An example of this is a color called stygian blue. Stare at a circle of bright yellow until your eyes start to fade. The green and red cones get tired and aren't responding. Now, look at something deeply black. Black has no light to trigger the cones, so you should see... black. But, your red and green neurons were already saying there was nothing there cause they stopped firing from fatigue. Now, they have to say there's even less there. So, even though there's no light coming in, there's more blue signal than there is anything else, so you see a deep, unworldly blue in the black, a color from nowhere. You can other stygian colors in the same way, using different original circle colors. Other impossible color families are luminous (when you see the afterimage on top of white, making it brighter than neon colors) and hyperbolic (when you layer the afterimage color on top of the color you're going to see, like staring at yellow and then looking at bright blue with the blue afterimage).

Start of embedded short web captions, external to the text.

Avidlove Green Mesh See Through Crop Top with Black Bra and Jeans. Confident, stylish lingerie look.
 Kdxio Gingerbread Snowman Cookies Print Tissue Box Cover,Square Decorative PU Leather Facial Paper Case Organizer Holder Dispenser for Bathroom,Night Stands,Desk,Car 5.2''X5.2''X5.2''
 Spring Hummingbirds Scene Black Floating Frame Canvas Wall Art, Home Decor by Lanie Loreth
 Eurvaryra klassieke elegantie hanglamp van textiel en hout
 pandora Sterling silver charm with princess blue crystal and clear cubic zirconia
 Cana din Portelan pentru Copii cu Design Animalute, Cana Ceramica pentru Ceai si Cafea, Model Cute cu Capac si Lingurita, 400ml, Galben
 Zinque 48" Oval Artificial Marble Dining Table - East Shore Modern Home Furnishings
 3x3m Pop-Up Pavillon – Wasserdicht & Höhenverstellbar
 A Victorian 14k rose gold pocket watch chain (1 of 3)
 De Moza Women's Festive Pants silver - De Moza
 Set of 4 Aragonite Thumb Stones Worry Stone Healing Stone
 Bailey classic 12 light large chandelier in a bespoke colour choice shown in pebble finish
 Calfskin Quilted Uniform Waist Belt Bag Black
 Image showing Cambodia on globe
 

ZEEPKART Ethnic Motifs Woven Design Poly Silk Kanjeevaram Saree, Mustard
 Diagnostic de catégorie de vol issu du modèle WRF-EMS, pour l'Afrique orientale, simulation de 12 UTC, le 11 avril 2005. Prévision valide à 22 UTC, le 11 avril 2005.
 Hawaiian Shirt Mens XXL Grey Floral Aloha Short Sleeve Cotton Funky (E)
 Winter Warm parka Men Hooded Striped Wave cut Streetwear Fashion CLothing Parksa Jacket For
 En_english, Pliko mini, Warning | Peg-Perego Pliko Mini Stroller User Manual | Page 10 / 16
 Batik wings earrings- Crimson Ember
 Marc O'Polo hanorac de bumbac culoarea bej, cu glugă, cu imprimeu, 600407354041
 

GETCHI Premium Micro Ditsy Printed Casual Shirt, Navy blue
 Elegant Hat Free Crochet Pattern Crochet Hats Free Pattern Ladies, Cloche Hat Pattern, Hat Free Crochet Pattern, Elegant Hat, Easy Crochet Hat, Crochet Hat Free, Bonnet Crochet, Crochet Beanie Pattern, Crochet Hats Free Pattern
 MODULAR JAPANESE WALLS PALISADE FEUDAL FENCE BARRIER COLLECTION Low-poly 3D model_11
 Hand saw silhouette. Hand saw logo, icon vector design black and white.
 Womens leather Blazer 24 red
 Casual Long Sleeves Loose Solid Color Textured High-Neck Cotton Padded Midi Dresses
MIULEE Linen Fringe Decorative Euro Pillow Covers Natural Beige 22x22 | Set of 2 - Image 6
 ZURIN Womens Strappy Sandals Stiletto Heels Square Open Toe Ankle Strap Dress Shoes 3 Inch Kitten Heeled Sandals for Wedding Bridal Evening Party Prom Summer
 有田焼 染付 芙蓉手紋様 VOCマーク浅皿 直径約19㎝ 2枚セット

Someone has put together a set of gifs and more info
at this Imgur post. Some people can see some types of these colors better than others. For instance, I can see luminous and stygian very easily, but it takes a long time for me to get any reaction trying the hyperbolic ones.
The final set of impossible colors require tricks to get around the very way the neurons that process the cone cell signals work. There are neurons that take the processed colors coming from your eyes, and say "is this more red or green?" and "Is this more yellow or blue?". The results of this give your brain a better idea if the hue you're looking at. Is it a yellowish green or a blueish green? But because of this, there are no such colors as a reddish green, or a bluish yellow. Or is there? You see, these neurons work with the cones in each eye. So, if you play a trick where one eye is seeing one of the colors and the other eye is seeing the other, you can sometimes tick the brain into combining them and showing you one of these two impossible hues. The most common way to try this is by looking at two side by side boxes in the two opposing colors and crossing your eyes to make them overlap.
This page has images set up that you can try your luck at. I've only managed it once before with yellowish-blue, hopefully you have better luck than me!
So, maybe Lovecraft was onto something. Maybe his colors out of space were magenta and stygian blue.